Viruses are leading causes of severe acute lower respiratory infections (LRIs). These infections evoke incomplete immunity, as individuals can be repeatedly reinfected throughout life. We report that acute viral LRI causes rapid pulmonary CD8 + cytotoxic T lymphocyte (T CD8 ) functional impairment via programmed death-1/ programmed death ligand-1 (PD-1/PD-L1) signaling, a pathway previously associated with prolonged antigenic stimulation during chronic infections and cancer. PD-1-mediated T CD8 impairment occurred acutely in mice following infection with human metapneumovirus or influenza virus. Viral antigen was sufficient for PD-1 upregulation, but induction of PD-L1 was required for impairment. During secondary viral infection or epitope-only challenge, memory T CD8 rapidly reexpressed PD-1 and exhibited severe functional impairment. Inhibition of PD-1 signaling using monoclonal antibody blockade prevented T CD8 impairment, reduced viral titers during primary infection, and enhanced protection of immunized mice against challenge infection.
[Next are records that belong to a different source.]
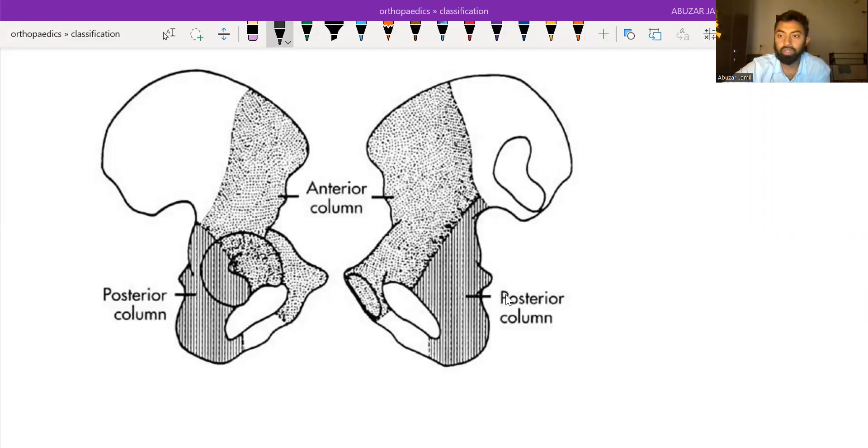In this video, we are going to discuss the Judet and Letournel classification of acetabular fractures.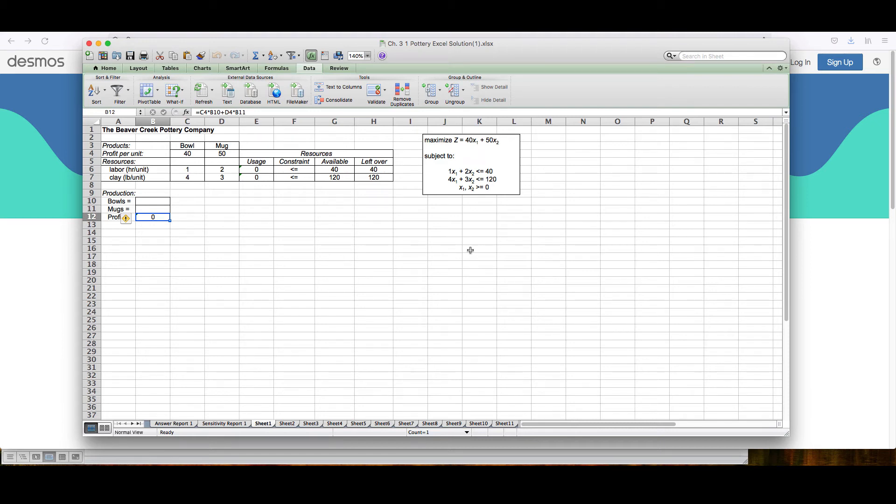In this video, we are going to see how to graph the constraints for a linear programming problem using the graphing calculator at the website desmos.com.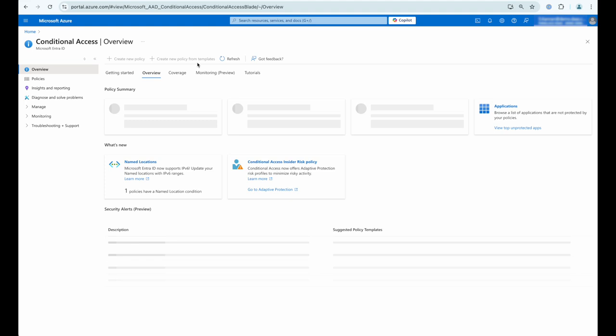The use case we're going to consider here is when we want to limit how an administrator can access the Microsoft Azure console. So what we're going to do is restrict the IP addresses that are allowed to connect to the Azure portal to only those from Parallels browser isolation.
Additionally, PD-1 and PD-L1 were upregulated in the lungs of patients with 2009 H1N1 influenza virus, respiratory syncytial virus, or parainfluenza virus infection. These results indicate that PD-1 mediates T CD8 functional impairment during acute viral infection and may contribute to recurrent viral LRIs. Therefore, the PD-1/PD-L1 pathway may represent a therapeutic target in the treatment of respiratory viruses.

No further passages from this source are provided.